> PROBLEM TO WORK ON: Retype the data exactly, from its first line to the line containing "I'm going to", including both, and skip any picture.

══ SUPPLIED MATERIAL

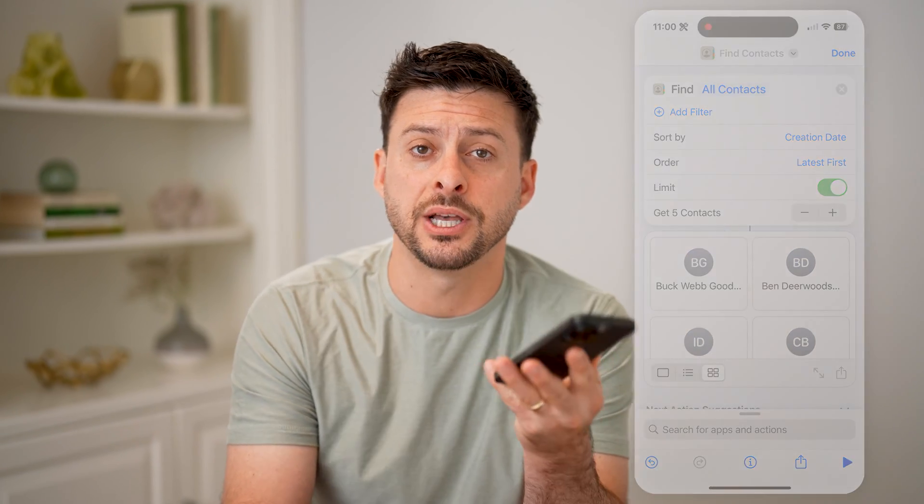I hope this helps. If it did, hit the subscribe button down below — it really helps me out. And I'll catch you on the next one.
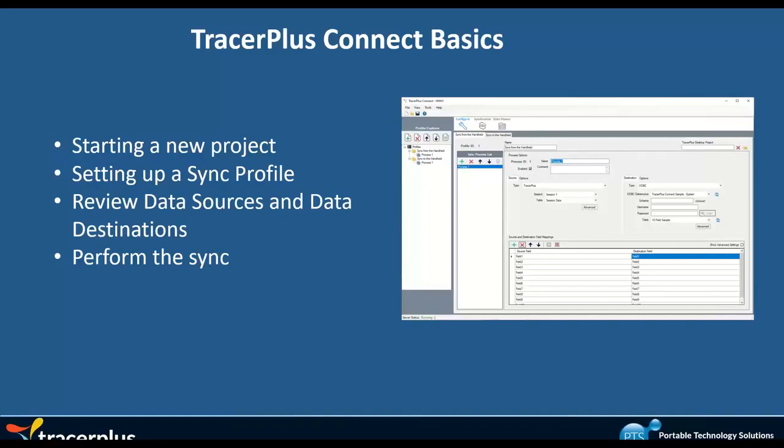I'm going to go through just setting up a quick sync process using TracerPlus Connect. We'll review the sources and data destinations, where you can grab data from and where you can push that data to when you sync this data, and we'll perform a sync on the handheld so you can see that in real time.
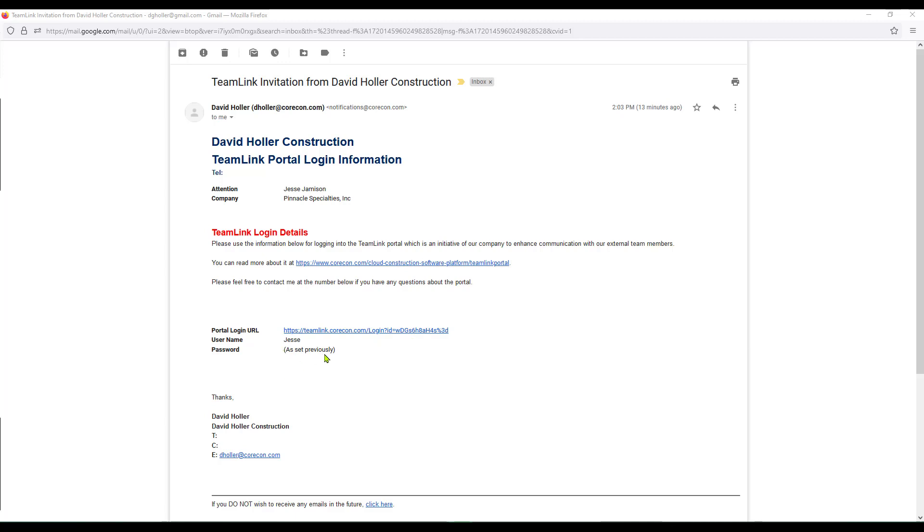If you've never logged into team link portal in the past, the password will be a temporary set password that Corecon will generate. When you log in to the team link portal for the first time, we encourage you to go straight to the profile and set that password to something easy for you to remember. Let's click on the portal login.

════

> RESULT OF THE EXERCISE:
I hope this helps. If it did, hit the subscribe button down below — it really helps me out. And I'll catch you on the next one.
I'm going to go through just setting up a quick sync process using TracerPlus Connect. We'll review the sources and data destinations, where you can grab data from and where you can push that data to when you sync this data, and we'll perform a sync on the handheld so you can see that in real time.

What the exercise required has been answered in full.